EXERCISE INSTRUCTIONS:
Retype only the lines running from the beginning of the entries below to the line with "पॉवर कंपनी से दो कर्मियों को भावभीनी विदाई", both included. Do not include pictures.

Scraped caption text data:
##########
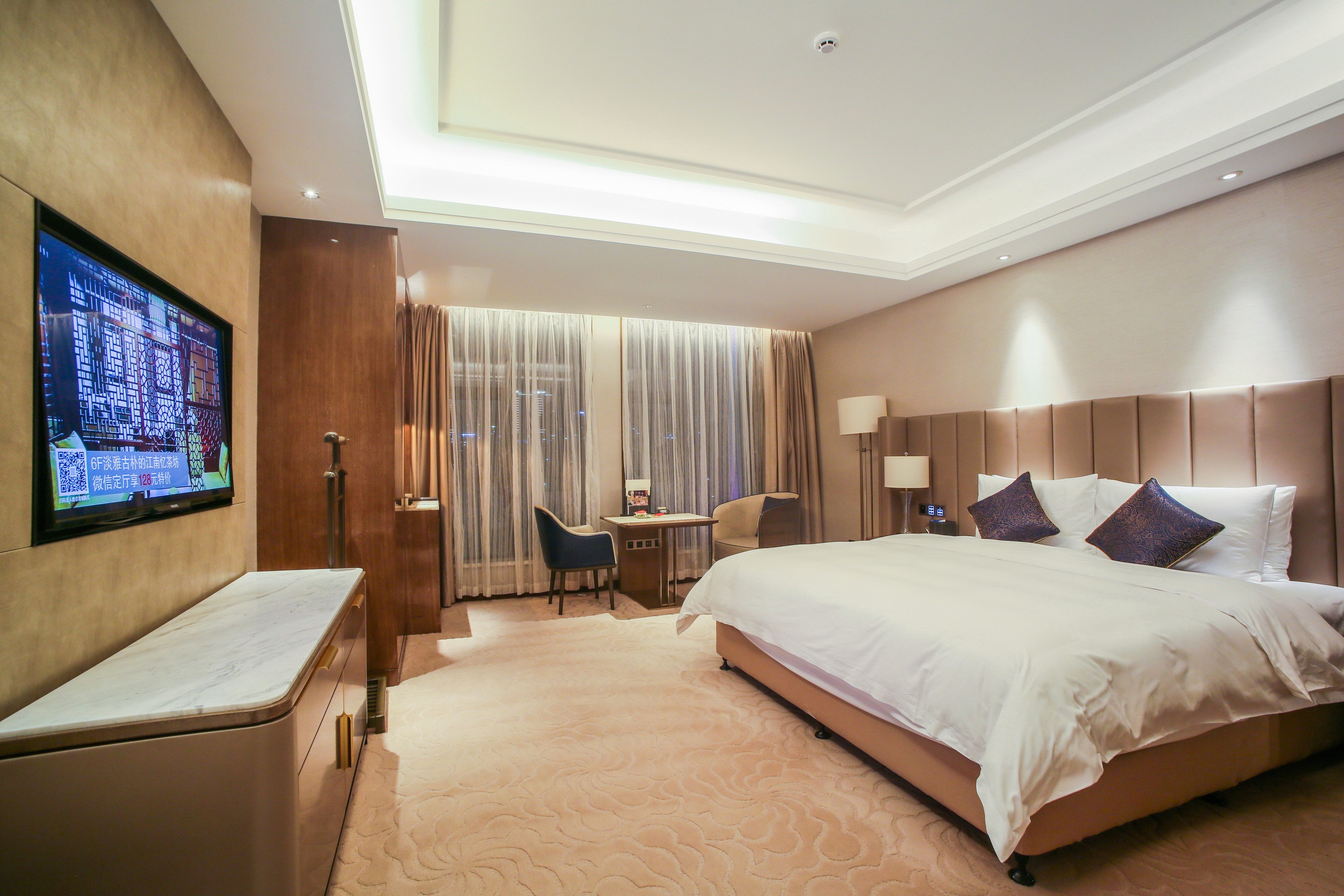 行政大床房（ 江景）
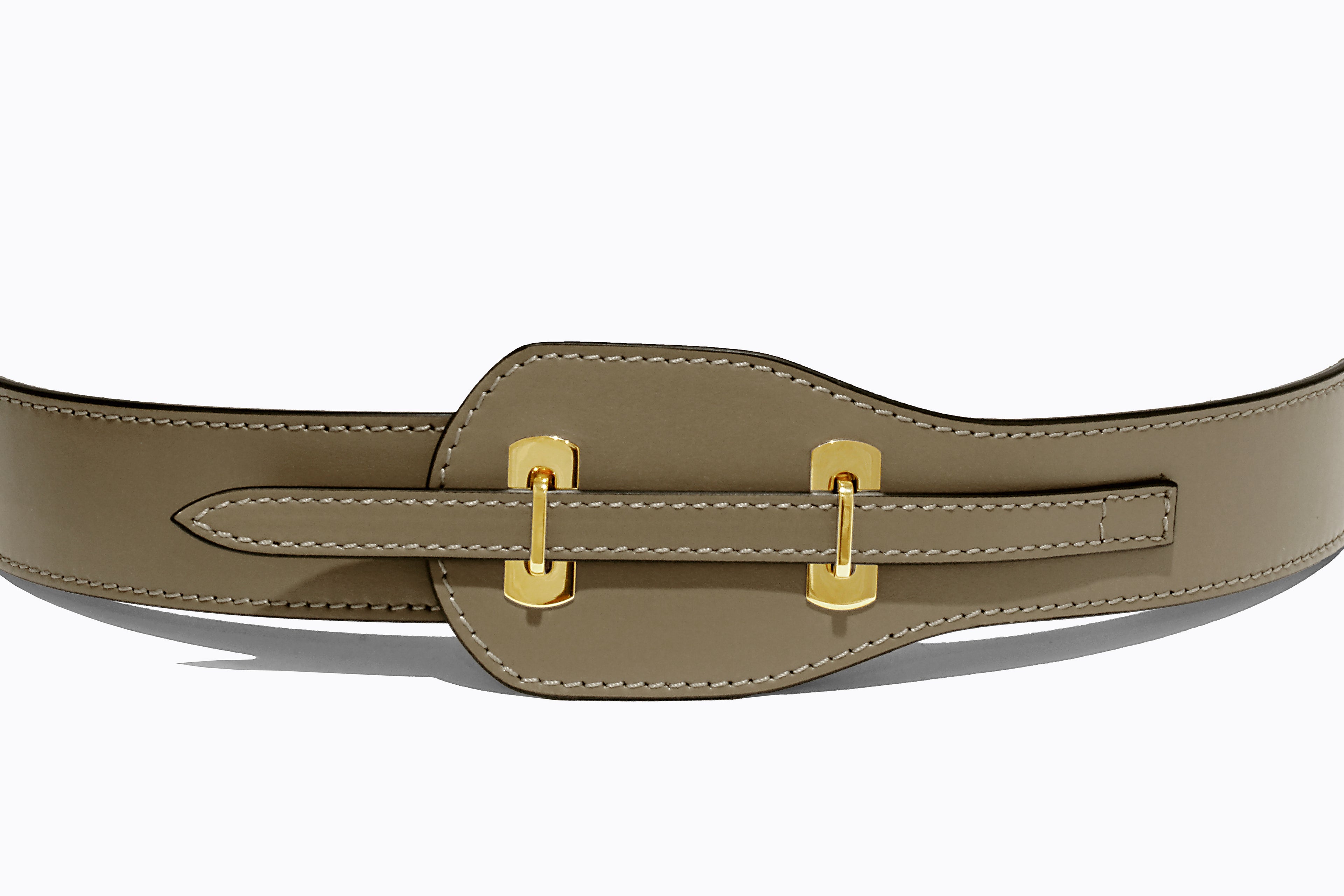 Close-up of Bonnie Belt in mushroom – fine-grain leather and polished gold-tone buckle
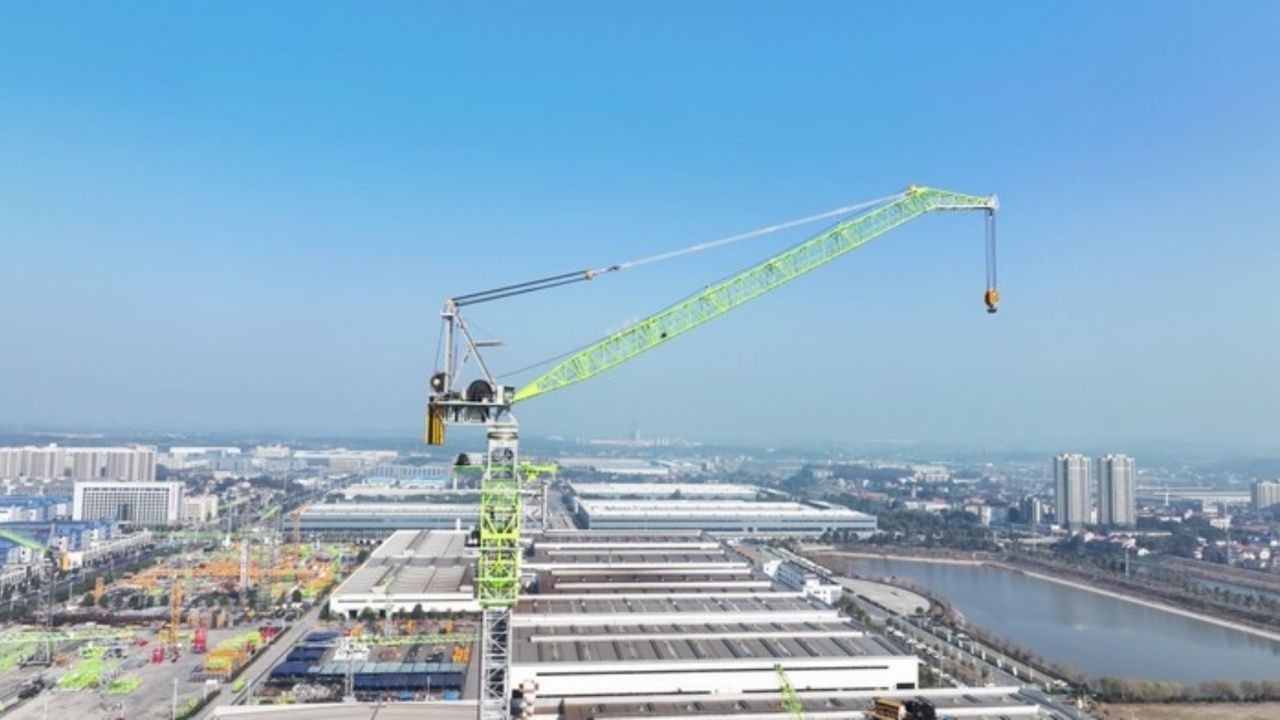 Guindaste de torre da Zoomlion mostra como turbinas eólicas, energia limpa, engenharia e parques eólicos mudam obras.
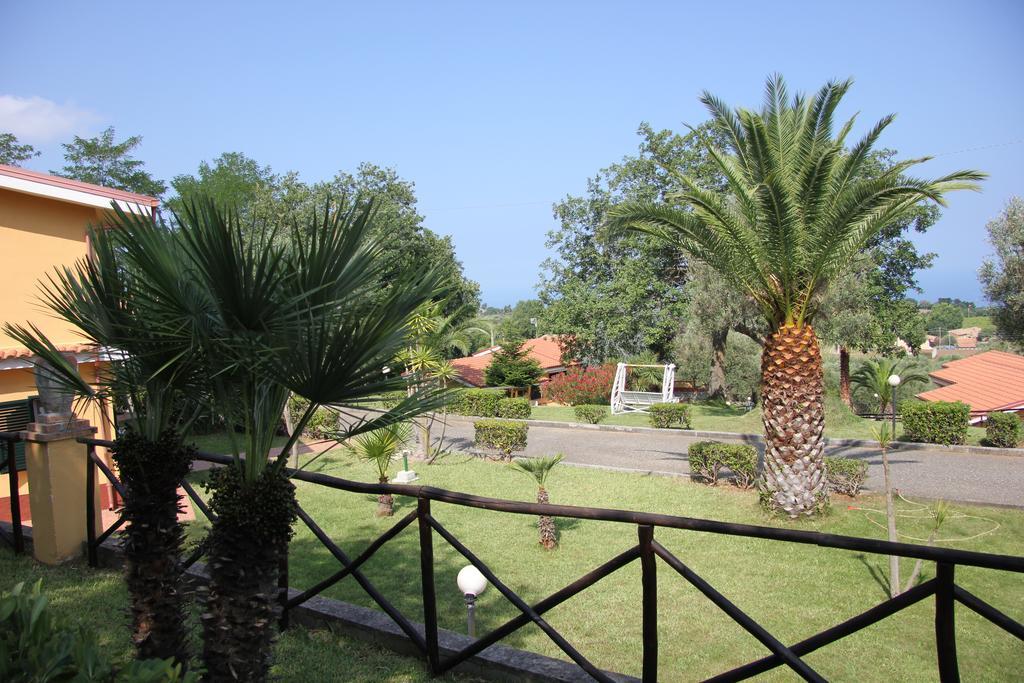 Borgo San Cosmo Tropea Bed and Breakfast Brattiro Exteriör bild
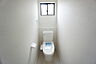 室内：温水洗浄機付トイレです。節水機能もあるので、安心して使えますね。小窓付きで換気する時に便利です＾＾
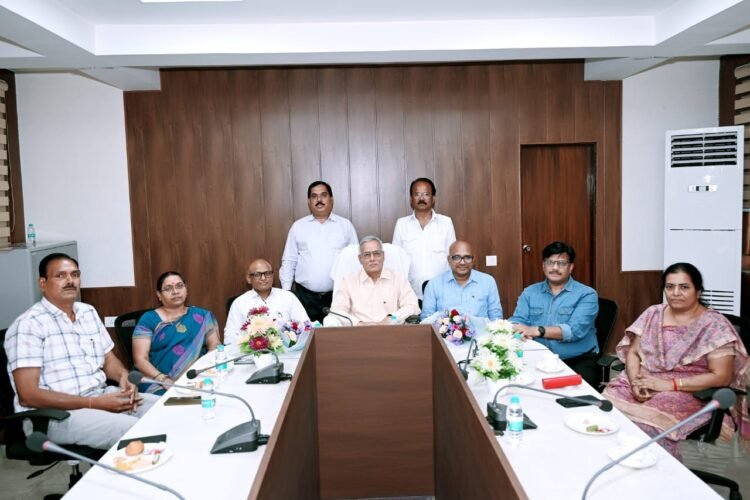 पॉवर कंपनी से दो कर्मियों को भावभीनी विदाई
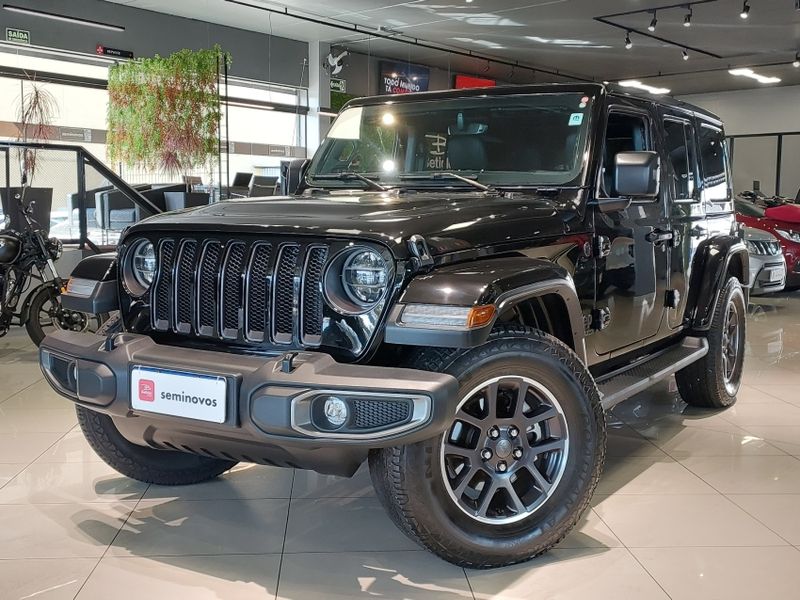 JEEP WRANGLER 2.0 TURBO GASOLINA UNLIMITED OVERLAND 4P 4X4 AT8 2021/2021 BETIOLO NOVOS E SEMINOVOS LAJEADO / Carros no Vale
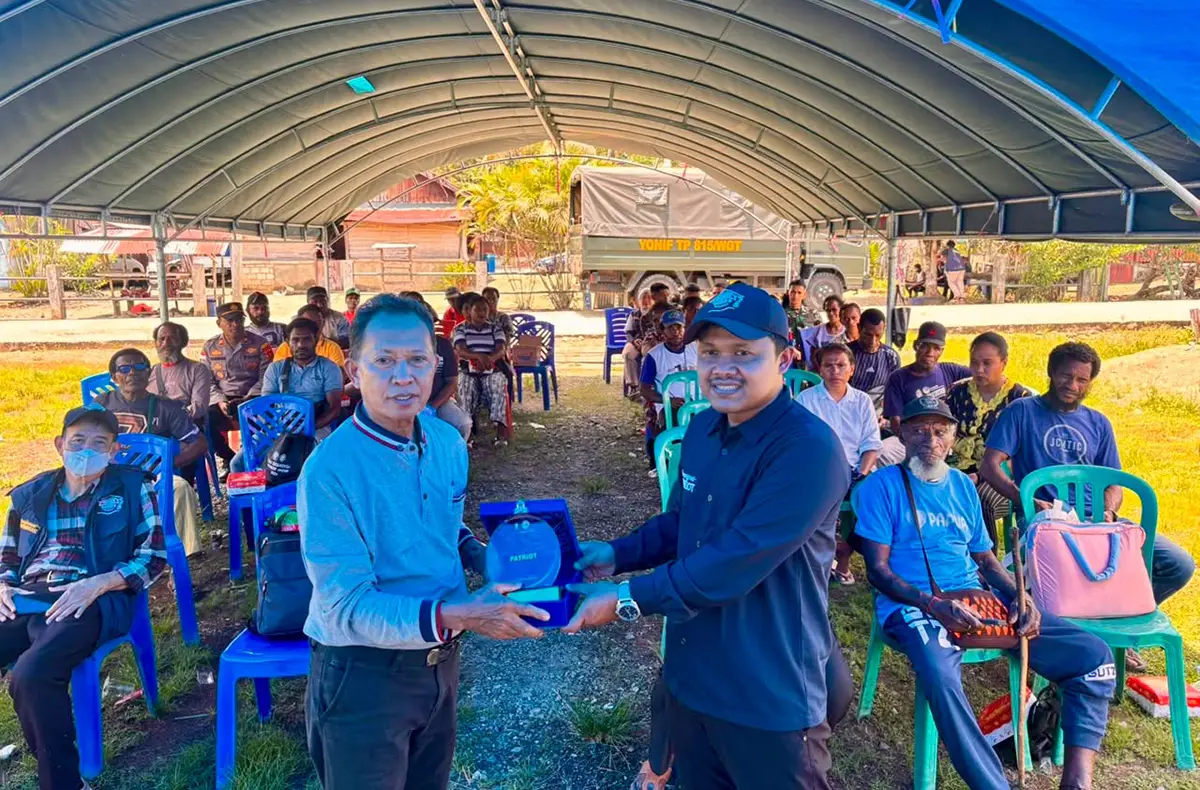 Penyerahan cendera mata dalam kegiatan Pertanian Berkelanjutan di Kampung Usku oleh TEP UNDIP.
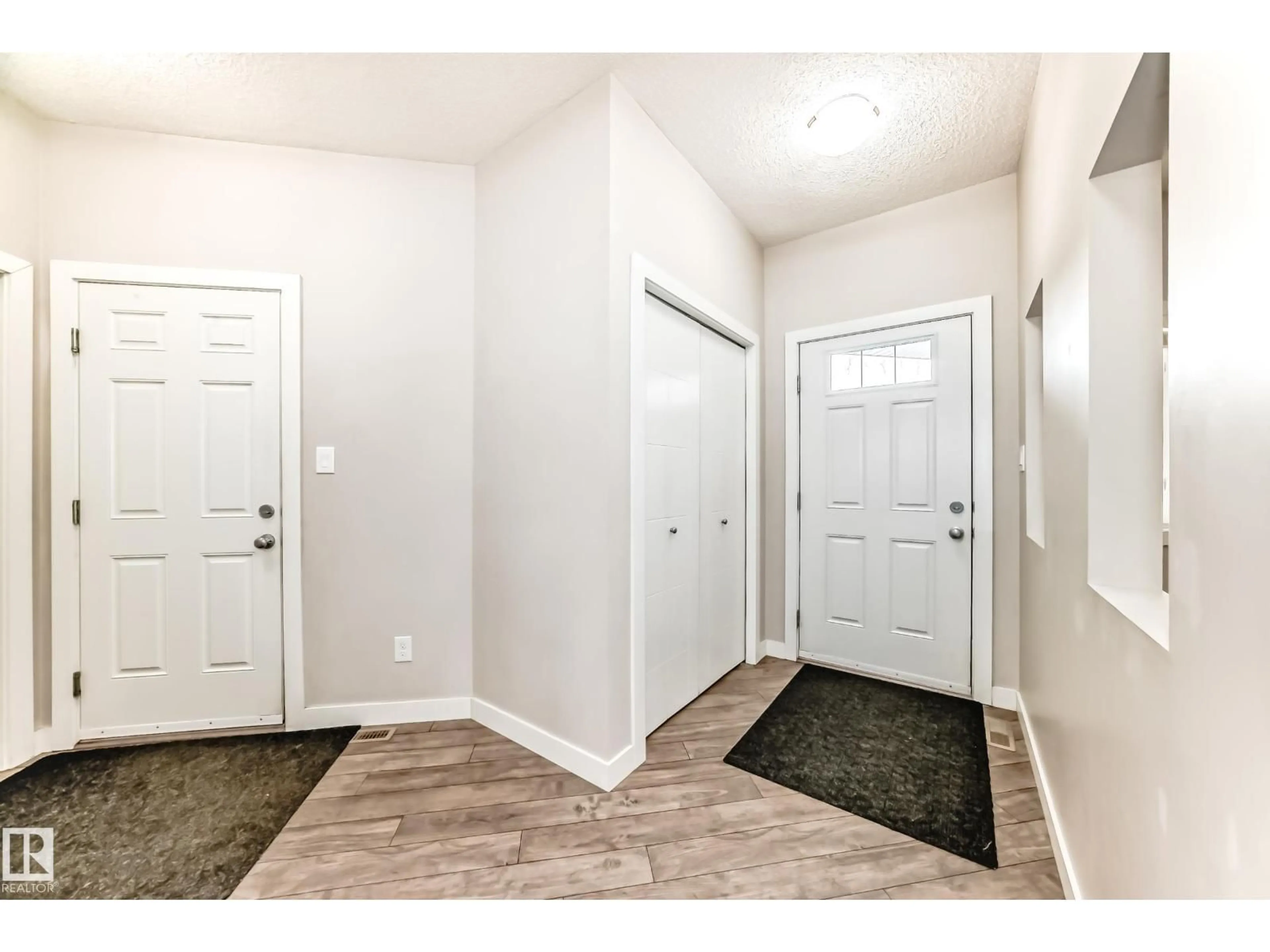 Indoor entryway for 8432 219 ST, Edmonton Alberta T5T7E1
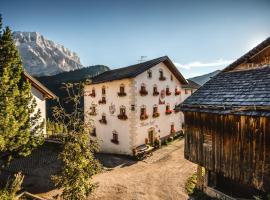 Maierhof, hotel v destinaci La Valle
##########
ANSWER:
 行政大床房（ 江景）
 Close-up of Bonnie Belt in mushroom – fine-grain leather and polished gold-tone buckle
 Guindaste de torre da Zoomlion mostra como turbinas eólicas, energia limpa, engenharia e parques eólicos mudam obras.
 Borgo San Cosmo Tropea Bed and Breakfast Brattiro Exteriör bild
 室内：温水洗浄機付トイレです。節水機能もあるので、安心して使えますね。小窓付きで換気する時に便利です＾＾
 पॉवर कंपनी से दो कर्मियों को भावभीनी विदाई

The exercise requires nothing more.